The verbs that rank higher in unsentimental chapters, presented in Table 6, include "want,""like,""talk,""mean," and "suppose."

Table 6: Verbs Ranked Higher in Unsentimental Chapters

Verb Unsentimental Ranking Sentimental Ranking
Want 36 47
Like 39 64
Talk 46 63
Mean 47 75
Suppose 49 92
The fact that "suppose" ranks higher in unsentimental chapters suggests that the sentimental doesn’t seek a way out of uncertainties; it relies more on convictions than suppositions. Although the list of the top-rated adjectives in sentimentality suggests a link with the mysterious, this mystery leads to faith rather than doubt. What is striking about the rest of this list is just how common, how prosaic, these verbs are. "Love," for example, is ranked higher on the sentimental list, but the more common and less emotionally-involved "like" is higher on the unsentimental list. Sentimental chapters, it seems, reach for more specialised and specific, not to mention extreme, verbs. Characters in sentimental chapters don’t perform the banal actions of talking or wanting. We imagine instead that they yearn, they utter, they cry, they wish, they desire.

If, indeed, sentimental authors do reach for specialised language to describe characters and their actions, this calls into question the true utility of these lists of the top n words in sentimental chapters and their rankings compared to unsentimental chapters. The more specialised language—the more nuanced words—would simply not appear at the top of the lists. These rarer words, however, are precisely the words that distinguish affective writing. The sentimental can be located in the difference between "she said" and "she murmured." So, while these rankings begin to provide a picture of sentimentality, we must look to different technologies to really define its shape.

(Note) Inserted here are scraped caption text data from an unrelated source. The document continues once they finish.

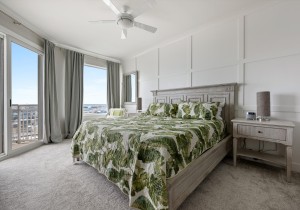 gateway1602-16-primary-bedroom.jpg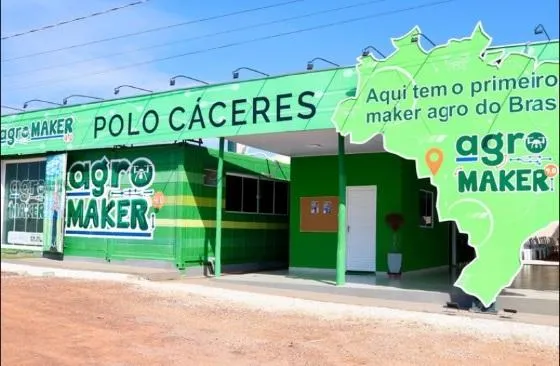 Ministro Carlos Fávaro inaugura primeiro espaço de inovação Agro Maker em Cáceres O Agro Maker é um dos vários projetos que o Ministério da Agricultura está desenvolvendo para combater as desigualdades no campo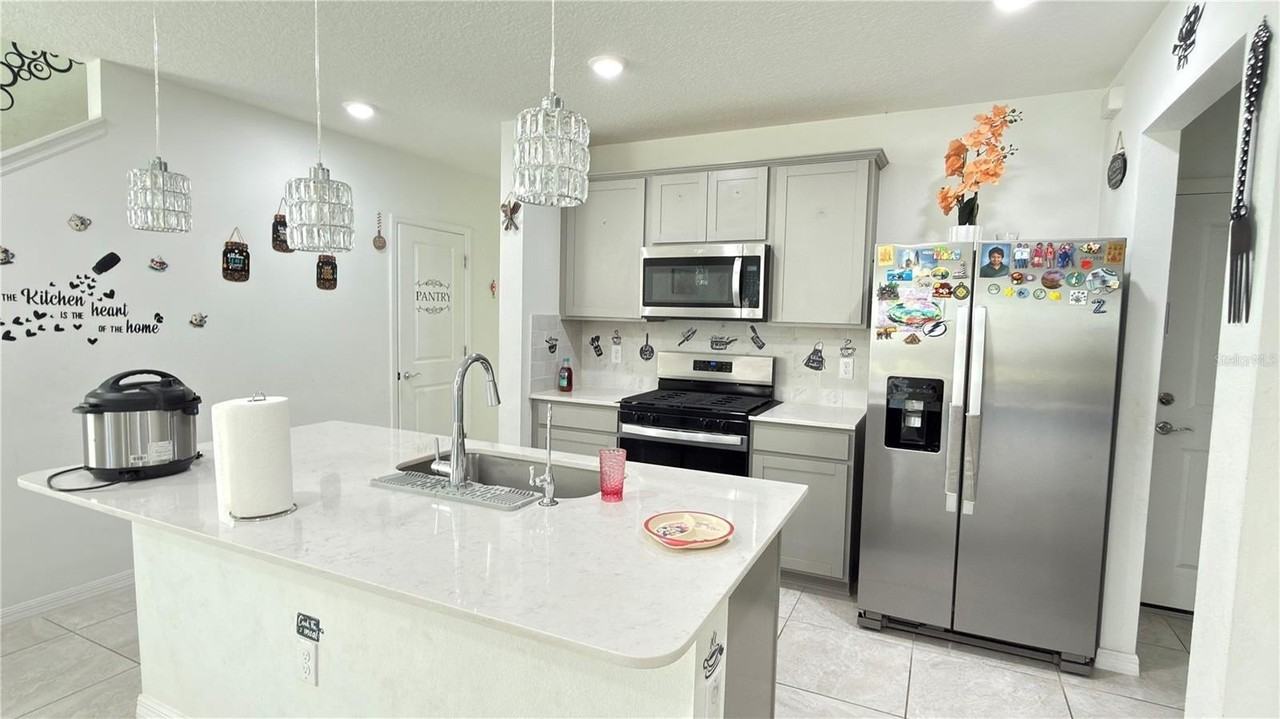 20704 Balsam Hill Rd - Photo 3 of 10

Dunning’s Log Likelihood Ratio provides users a way to measure the significance of rare events in texts. Instead of using raw counts of words to compare two sets of texts, the ratio also takes into account the significance of a particular word in one text set (given the total number of words in that set) compared to the significance in another. Essentially, the log-likelihood ratio’s results are derived from the number of times a word actually occurs compared to the number of times it would be expected to occur if the two text sets being compared were homogeneous. Larger log likelihood values reflect larger discrepancies, indicating that a word is statistically significant in the training set. On the flip side, negative log likelihood values indicate that a word is under-utilised in the set. The results, as shown in Tables 7 and 8, bring outliers to the forefront and highlight the importance of many of the high-frequency words previously discussed.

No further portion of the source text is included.